Anyone who has been following Willow Creek Farm for a while knows about Tundra, our amazing farm dog. You also have heard me go on and on about how great he is. He truly is the most important animal on the property because he is the one protecting every other important thing on the property. Our backyard farm would not be as good as it is without him on duty. He has chased off innumerable predators, killed innumerable vermin, and saved our livestock over and over again. He is wonderful.
You can read more details about him in a post I did last year. Click here for that.
This morning I realized that there is another really important job he does that I didn’t tell you all about. We have elk and mule deer in abundance in our area. Barely a day goes by that a herd of one or the other doesn’t cross our property. The elk especially in this area are alarmingly unafraid of people and dogs. They are also keenly away of the fact that farm animals mean hay, and hay means a free and easy meal. They are totally happy to jump a fence and chase off horses, cattle, sheep, or goats from hay and eat it themselves. This is where Tundra comes in.

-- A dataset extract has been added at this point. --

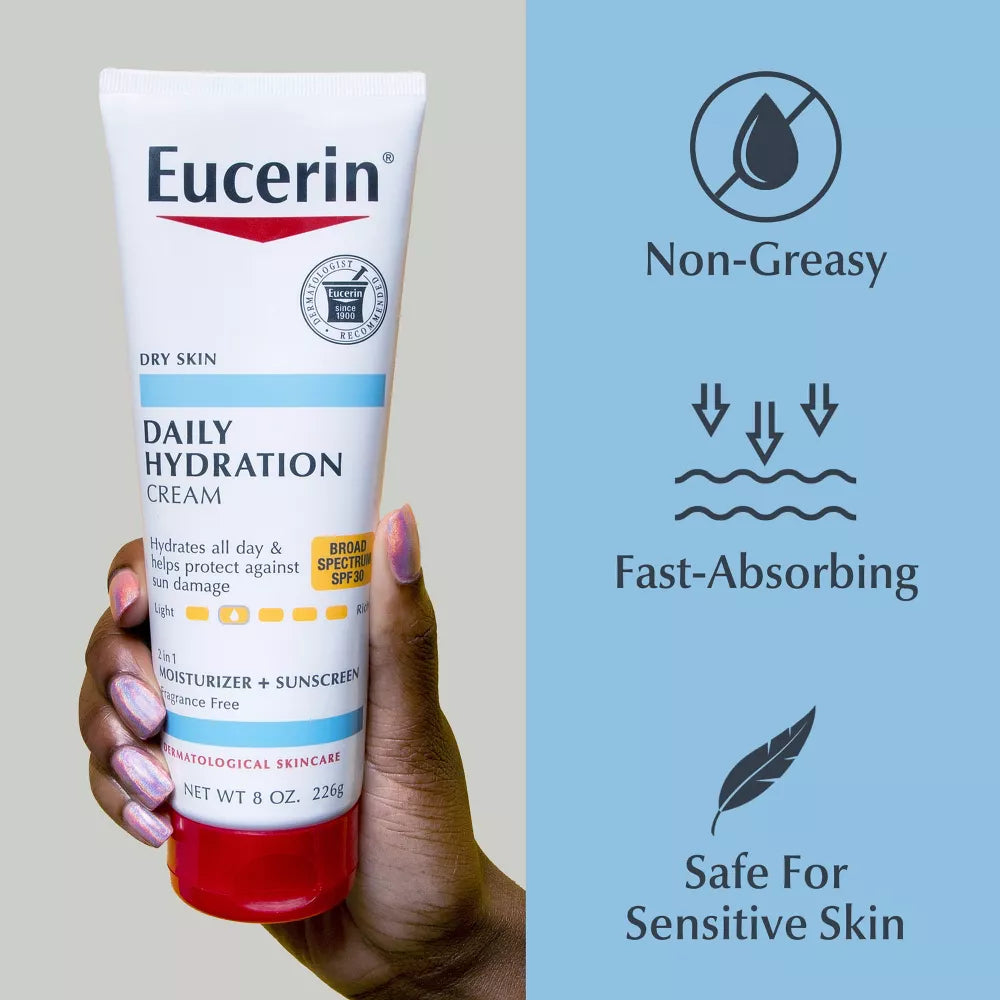 Eucerin Daily Hydration Cream W/ SPF 30 8oz - 6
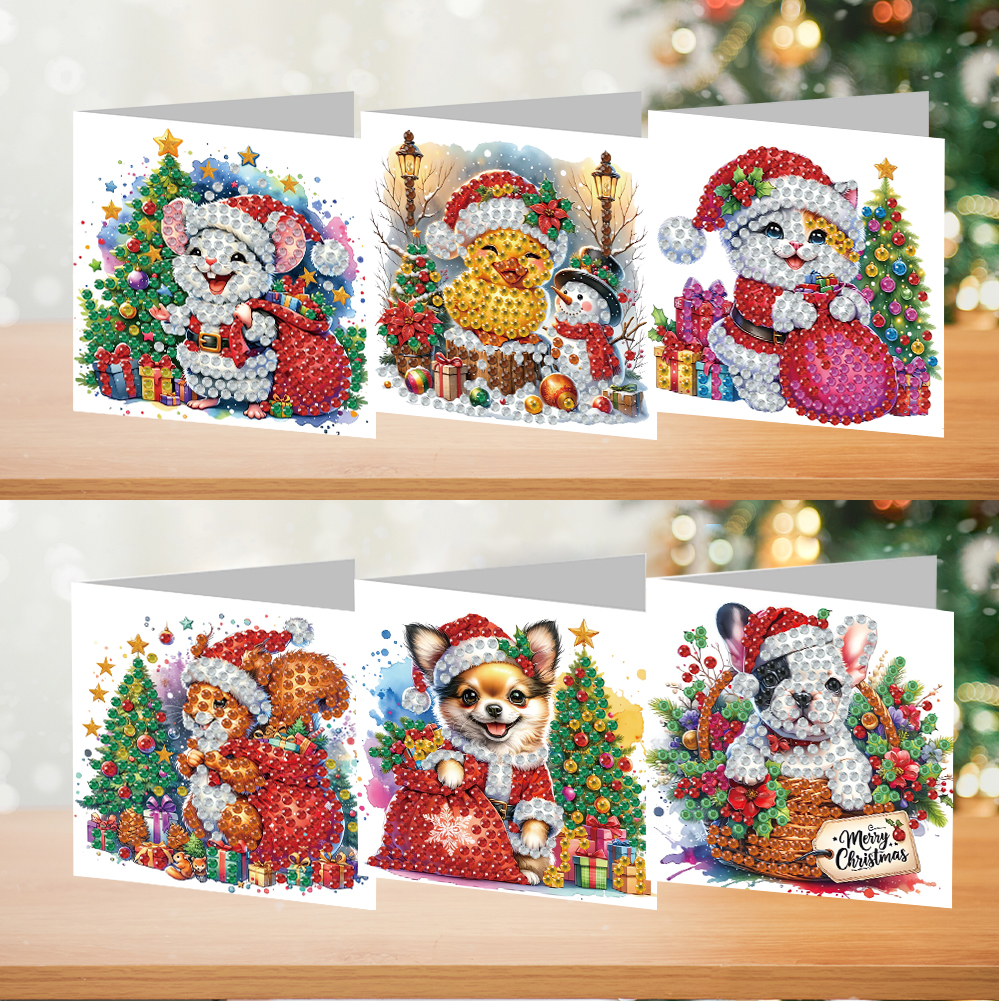 (Limited Stock)6Pcs DIY Diamond Painting Greeting Card - Xmas Animals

This morning I heard him alarm barking. I went to see what was going on. There was a herd of about 15 elk all right up against the fence checking out the sheep’s breakfast and trying to decide whether they were going to steal it or not. Tundra would run at them, low to the ground, ears back, snarling and barking. As he got near the fence they would run back several yards and look at him. He would pace the fence growling at them for a bit. Then he would go lay by the sheep, watching them. They would wait awhile, then slowly approach the fence again. Again he would charge the fence, ears back, all business. He was not going to tolerate them even thinking about taking HIS sheep’s hay. And he wasn’t even phased by the elk’s size. He didn’t care. He was not going to allow them in HIS barnyard. It was great! I verbally praised him and he trotted around with his head up a bit in a proud manner. Then he gave a few snarls to the elk to remind them he was still there and his owner was proud of the job he was doing.
I went back inside, knowing that I didn’t have to worry about them stealing the hay with Tundra on the job. He is truly invaluable.